:: The records ::

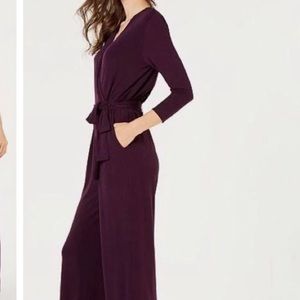 NWT Alfani Jumpsuit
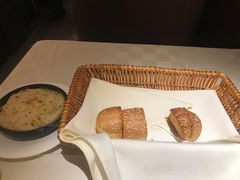 餐前面包佐酱-西堤厚牛排(王府井店)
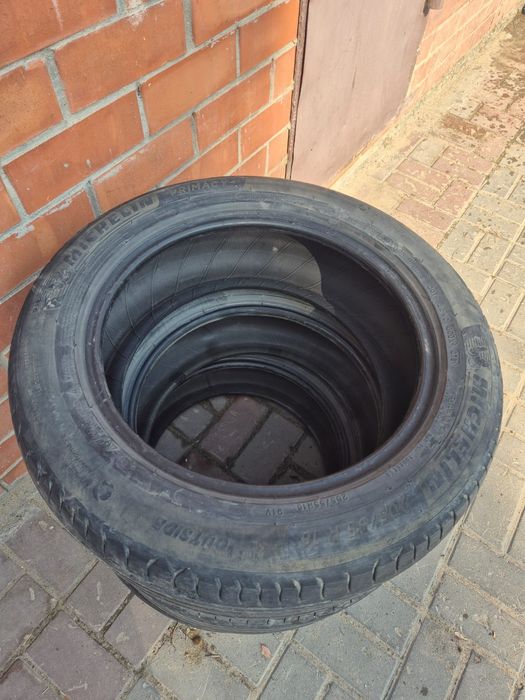 Продам  летние шины МИШЛЕН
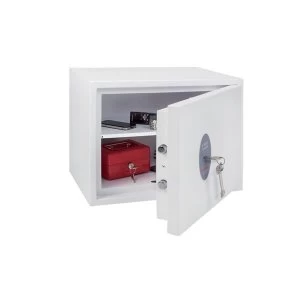 Phoenix Fortress High Security Safe with Key Lock 28L Capacity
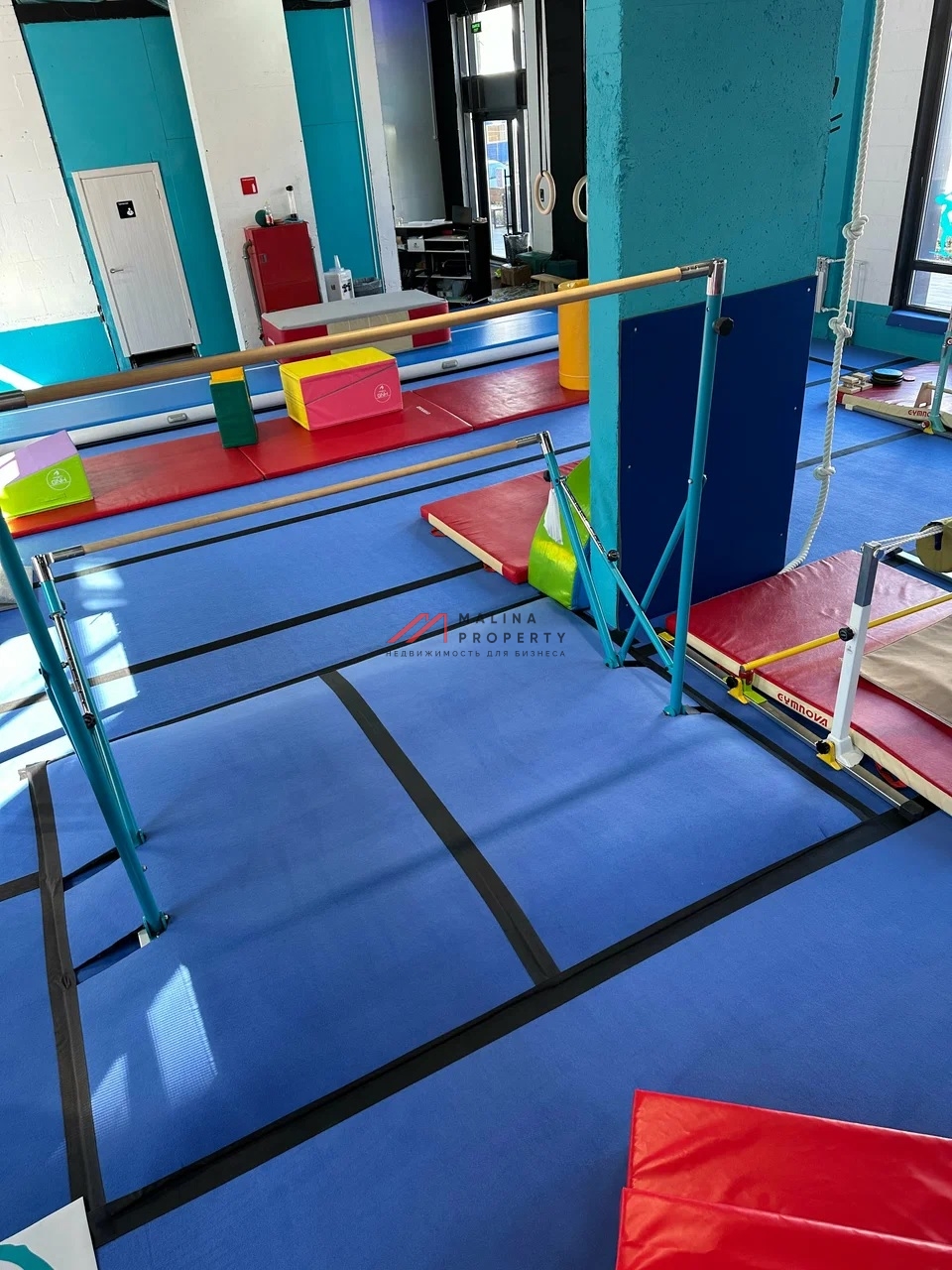 Продажа помещения с арендатором в ЖК "Прокшино"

:::

■ What is needed
Your answer must be the records exactly as they stand, with no pictures in it.

■ Output of the task
 NWT Alfani Jumpsuit
 餐前面包佐酱-西堤厚牛排(王府井店)
 Продам  летние шины МИШЛЕН
 Phoenix Fortress High Security Safe with Key Lock 28L Capacity
 Продажа помещения с арендатором в ЖК "Прокшино"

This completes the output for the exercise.